Assolutamente sì. Questo lo dimostra mia madre: mi spiace tirarla sempre in mezzo, però è proprio così. Lei l’ha intuito fin dal primo minuto che c’era una storia, qualcosa da far passare all’esterno. Non per nulla sta spesso in carcere, anche a contatto con il cliente, per presentare il progetto. È una componente, quella del racconto, che aiuta a livellare la curiosità morbosa di alcuni clienti che, purtroppo ci è capitato, a volte si mostrano più interessati alle condanne e ai capi d’accusa dei ragazzi che non al cibo che hanno posato davanti a loro.
Uno sceneggiatore (quale tu sei) lo chiamerebbe “prendere il controllo della narrazione”.
E della relazione, soprattutto, nel senso di metterla prima, davanti a tutto. Ci fa molto piacere, per esempio, vedere che i clienti non solo ritornano, ma che instaurano un legame con questo o quel ragazzo, e allora certo, magari si può anche finire a parlare di passato e di ricordi scomodi, ma lì si è creata l’intimità – e la volontà – da entrambe le parti. Sempre, vedi, torna la fiducia, l’affidarsi.
Adesso torniamo all’inizio. Che cos’è che Benvenuti in galera sta smuovendo nel pubblico, secondo te?
Mai facile da dire, in realtà vorrei saperlo. Quello che dice il mio polso è che è, alla fine, una storia universale, con appigli per tutti. Lo dico anche perché nel pubblico ci sono tanti ragazzi, ed evidentemente si sentono toccati dai temi che abbiamo messo in campo. Credo che sia merito anche del genere del film, il documentario sa toccare nel profondo, ti fa scoprire un lato nuovo del mondo e allora, ecco, scatta il passaparola. Che è importantissimo, soprattutto in un periodo in cui esce davvero tanto, tanto in sala.
Soprattutto se pensiamo che si tratta di un documentario girato in bianco e nero.

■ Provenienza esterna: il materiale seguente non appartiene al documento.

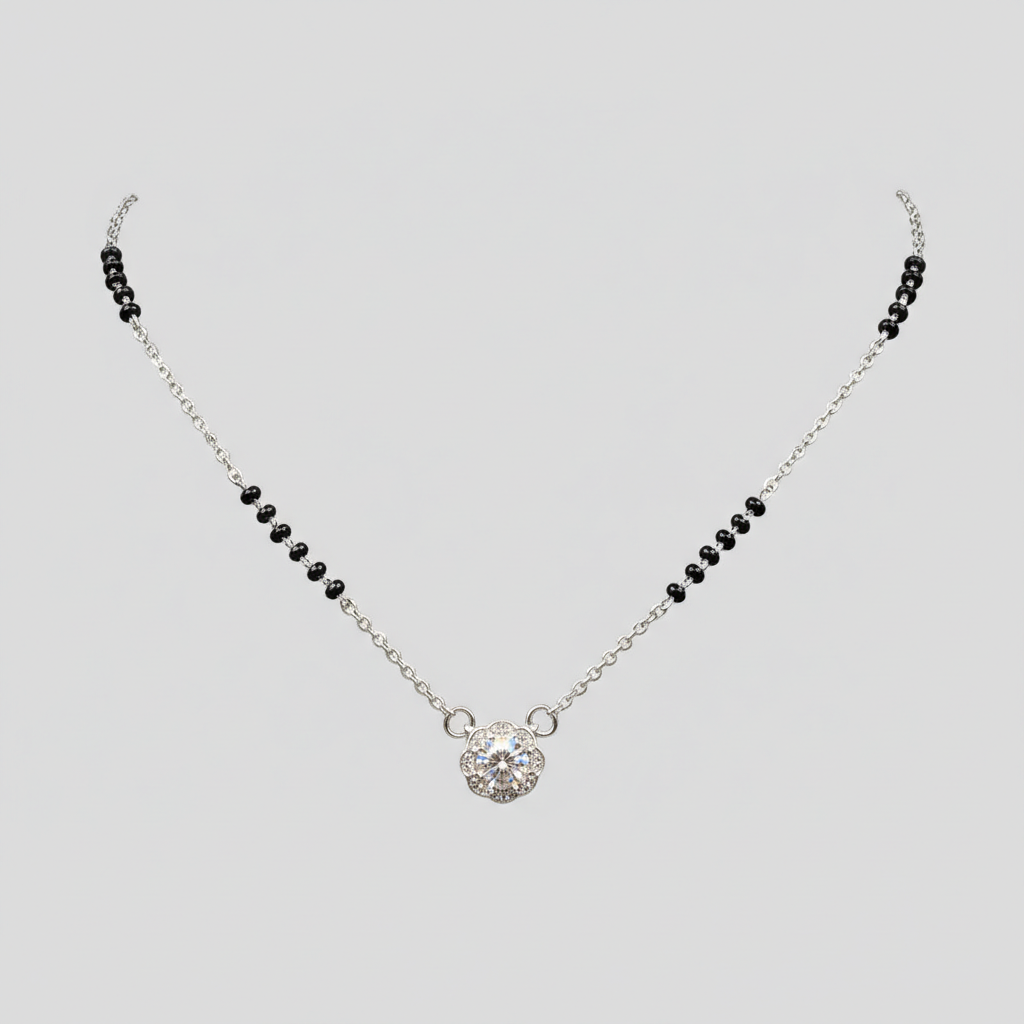 Sterling Silver Floral Pendant Mangalsutra — A Bloom of Love & Tradition TISA Silver Elegance
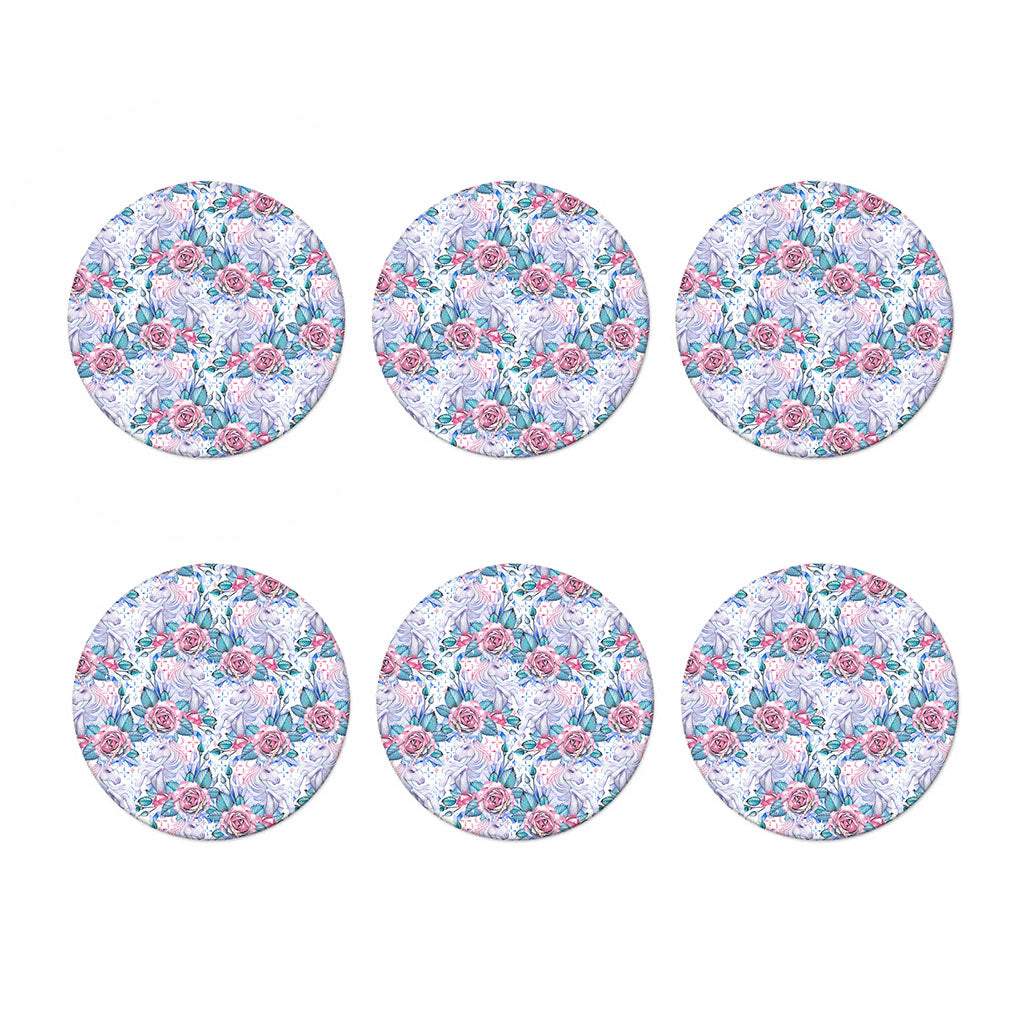 White Fairy Rose Unicorn Pattern Print Coaster Set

Volevo che l’immagine fosse molto curata. La storia che racconto è di dignità, la dignità della vita, ed è un concetto che passa anche dall’immagine, che dev’essere bella per restituire quello stesso valore. Allo stesso tempo, però, volevo assolutamente evitare l’estetizzazione di quello che mostravo. Anche per questo, se ci fai caso, il cibo in realtà è solo un mezzo, un pretesto “strano ma vero”, perché per il resto lo inquadriamo pochissimo e sempre rifuggendo le logiche del food porn. Insieme a questo, c’era la volontà di evitare l’immaginario di un carcere squallido, decadente, brutale. È un lato dell’esperienza che purtroppo esiste, ma non era il verso narrativo su cui questo prodotto voleva concentrarsi. Perciò bianco e nero, dignità ed eleganza. Solo gli ingredienti fondamentali.